TASK DETAILS - Don't include pictures. Quote the lines below from the first through the line that contains "Dikmenspor Yarı Finalde 3-1".

═════ EXTRACTED DATA

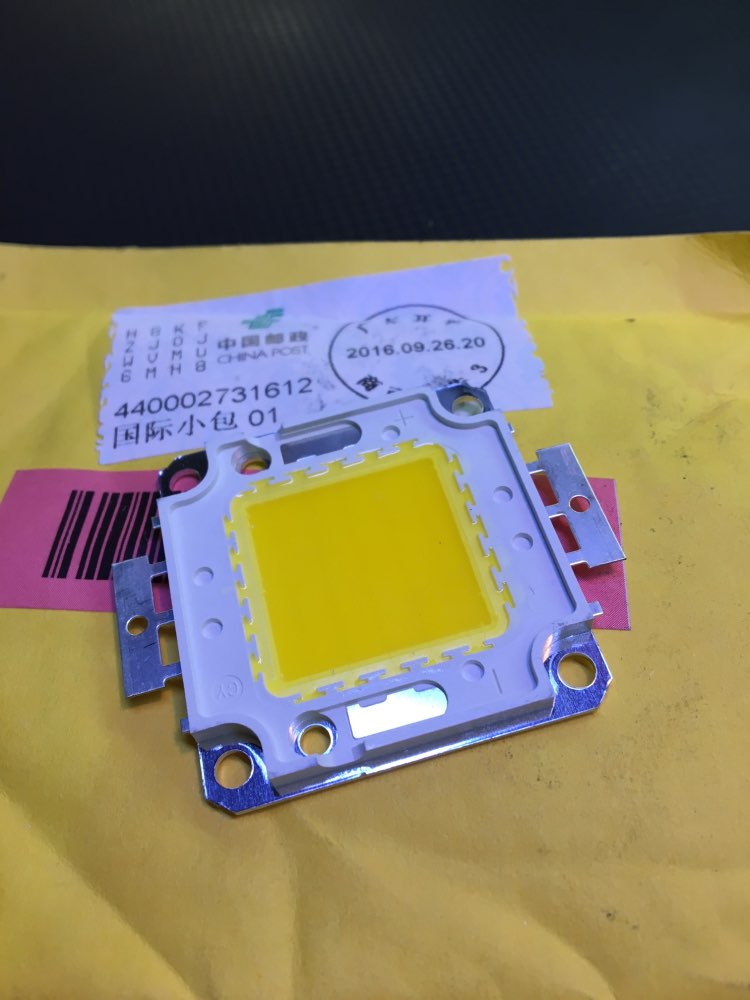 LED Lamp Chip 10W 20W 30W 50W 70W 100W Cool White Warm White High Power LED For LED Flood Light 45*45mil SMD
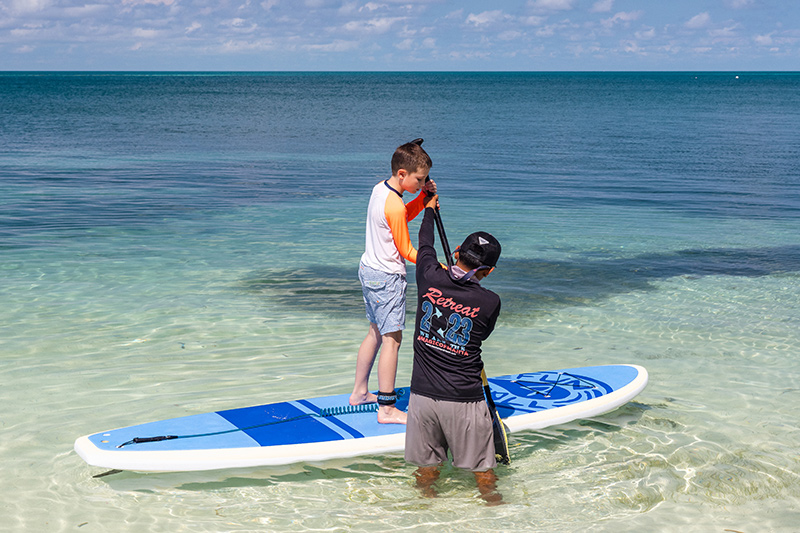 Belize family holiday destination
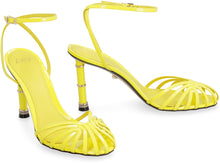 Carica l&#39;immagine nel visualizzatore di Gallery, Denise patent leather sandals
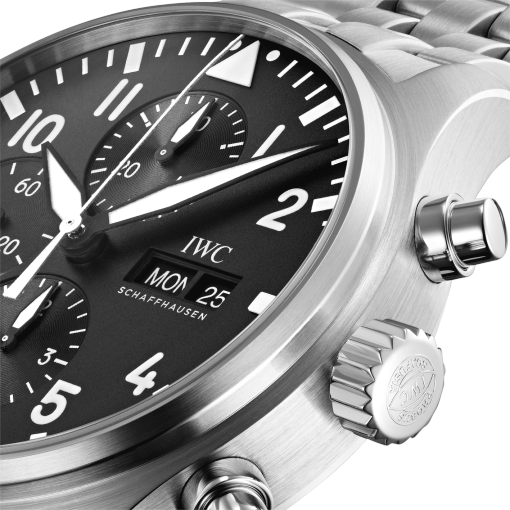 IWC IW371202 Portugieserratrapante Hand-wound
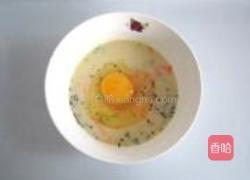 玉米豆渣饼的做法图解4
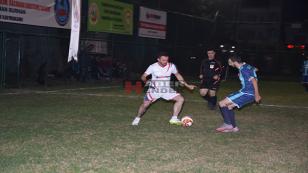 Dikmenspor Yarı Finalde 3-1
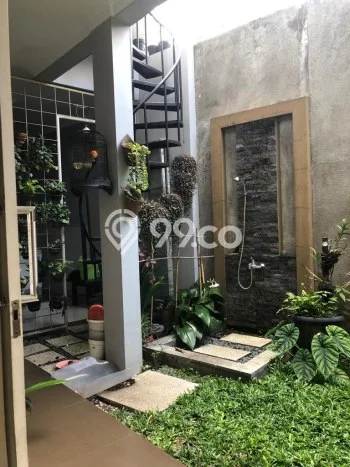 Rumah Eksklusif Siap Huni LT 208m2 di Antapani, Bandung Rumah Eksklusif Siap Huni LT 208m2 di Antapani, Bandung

══════════

RESPONSE AREA -
 LED Lamp Chip 10W 20W 30W 50W 70W 100W Cool White Warm White High Power LED For LED Flood Light 45*45mil SMD
 Belize family holiday destination
 Carica l&#39;immagine nel visualizzatore di Gallery, Denise patent leather sandals
 IWC IW371202 Portugieserratrapante Hand-wound
 玉米豆渣饼的做法图解4
 Dikmenspor Yarı Finalde 3-1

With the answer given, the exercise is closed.